Onto consolidated results. The third quarter was marked by growth in volumes, sales and EBITDA. Alpek's third quarter revenue was 48% year-on-year and 10% quarter-on-quarter, driven by higher average consolidated prices and volume, mainly in the polyester segment.

Consolidated volume was 16% higher than 3Q '17 and up 2% when compared with 2Q '18 as growth driven by the Suape/Citepe acquisition more than offset a decrease in organic volume caused mainly by the temporary disruption associated to the fire in Altamira PTA and the Hurricane Florence. Third quarter consolidated EBITDA was a record $274 million, including $40 million net gain from 3 nonoperating items: the first item was a $33 million noncash inventory gain resulting from a strong value from feedstock prices during the quarter; second, a $9 million gain from advanced insurance payment associated to the Altamira fire; and third, a $1 million nonrecurring legal expense.
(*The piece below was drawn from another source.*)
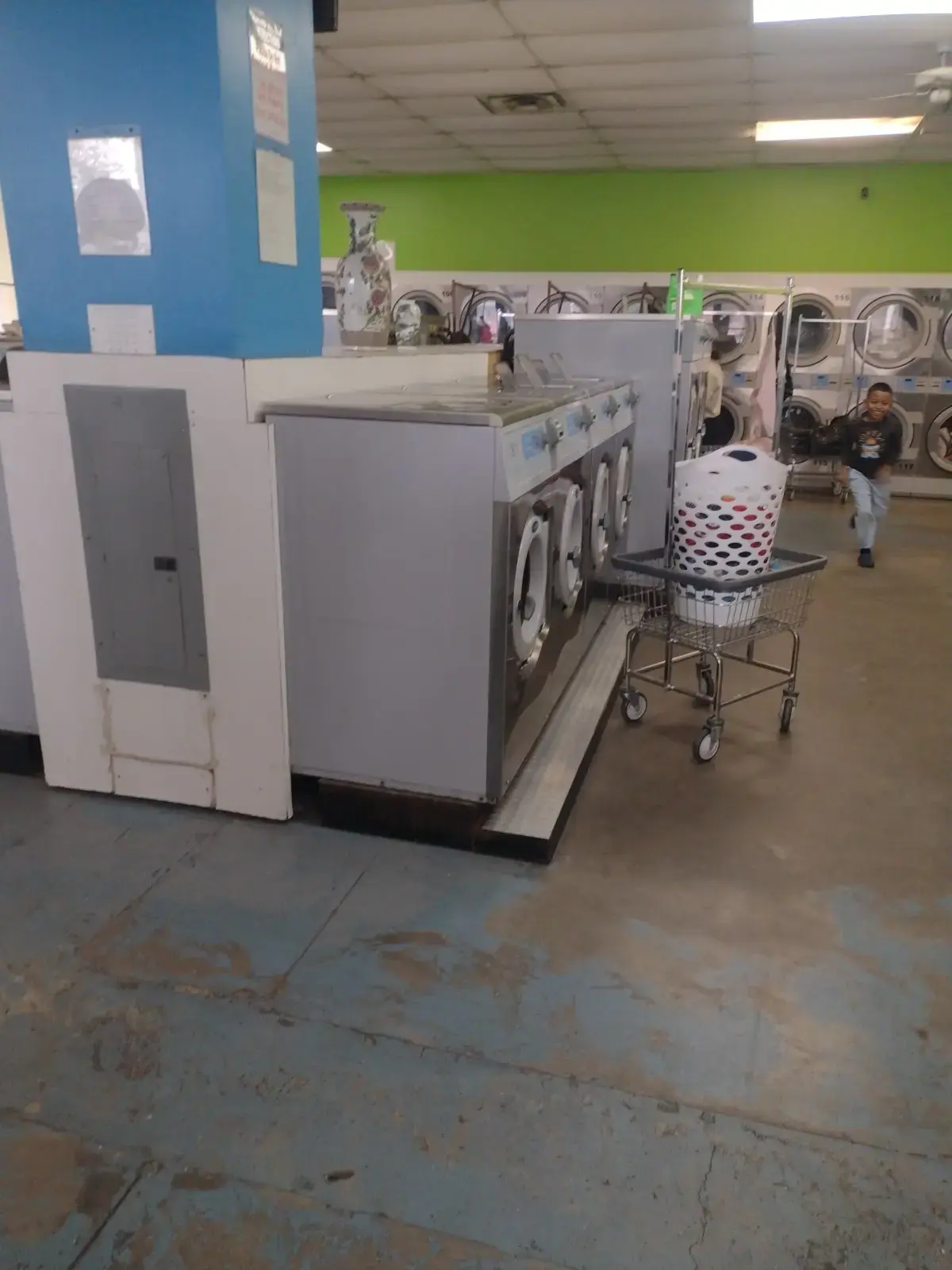 New Heavenly Washateria - Image 11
Adjusting for these 3 items, comparable consolidated EBITDA was $234 million, more than 100% higher than 3Q '17, boosted mainly by the polyester segment.
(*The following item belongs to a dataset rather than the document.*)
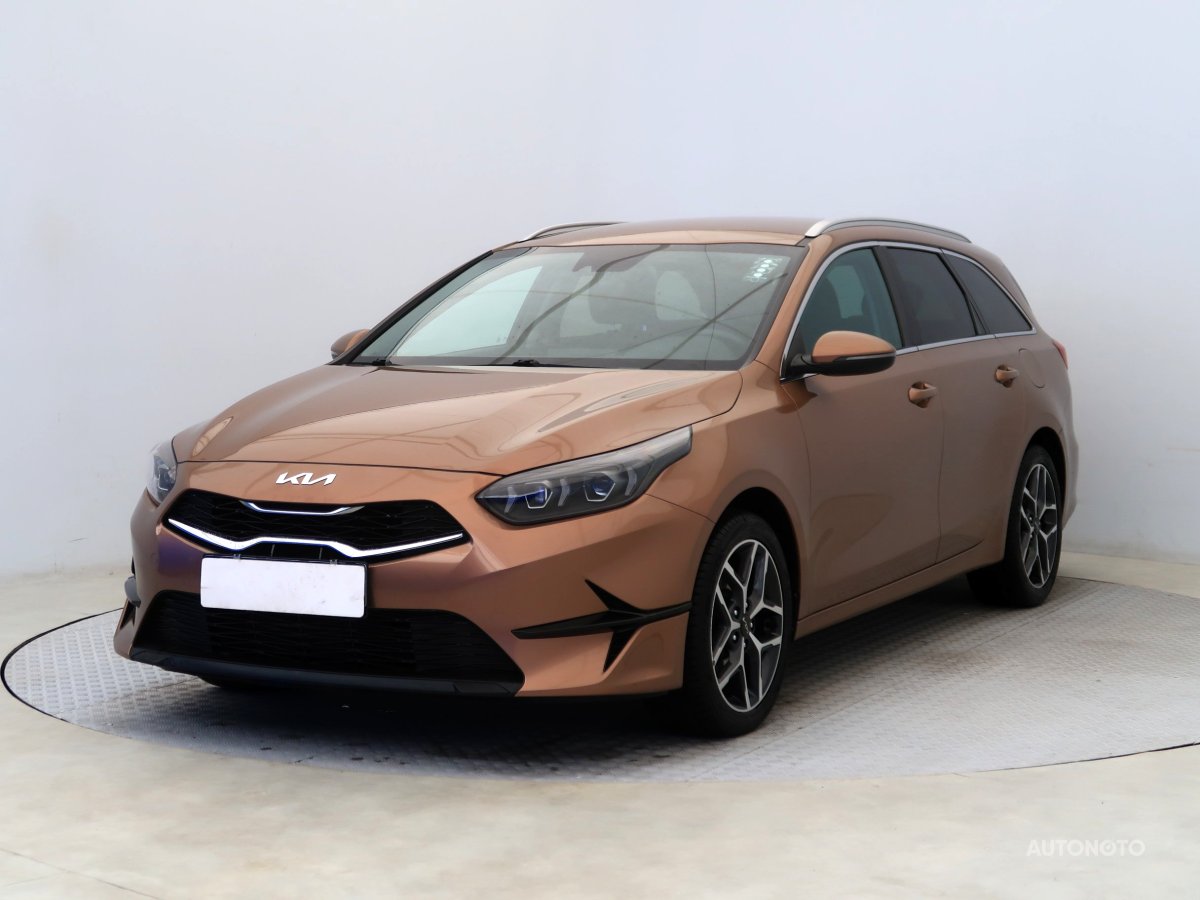 Kia Cee´d, 2022 - pohled č. 3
A favorable feedstock price environment with strong year-over-year recovery in global polyester margin and the consolidation of Suape/Citepe contributed to comparable polyester EBITDA growth of 198% when compared to the third quarter 2017 and 12% versus second quarter 2018. Moreover, comparable Plastics & Chemicals 3Q '18 EBITDA was up 36% on a year-over-year basis as growth in expandable polystyrene and Caprolactam complemented a strong polypropylene perform.

In contrast, comparable Plastics & Chemicals EBITDA decreased 3% quarter-on-quarter as growth in expandable polystyrene and Caprolactam was more than offset by the effect of lower polypropylene volume.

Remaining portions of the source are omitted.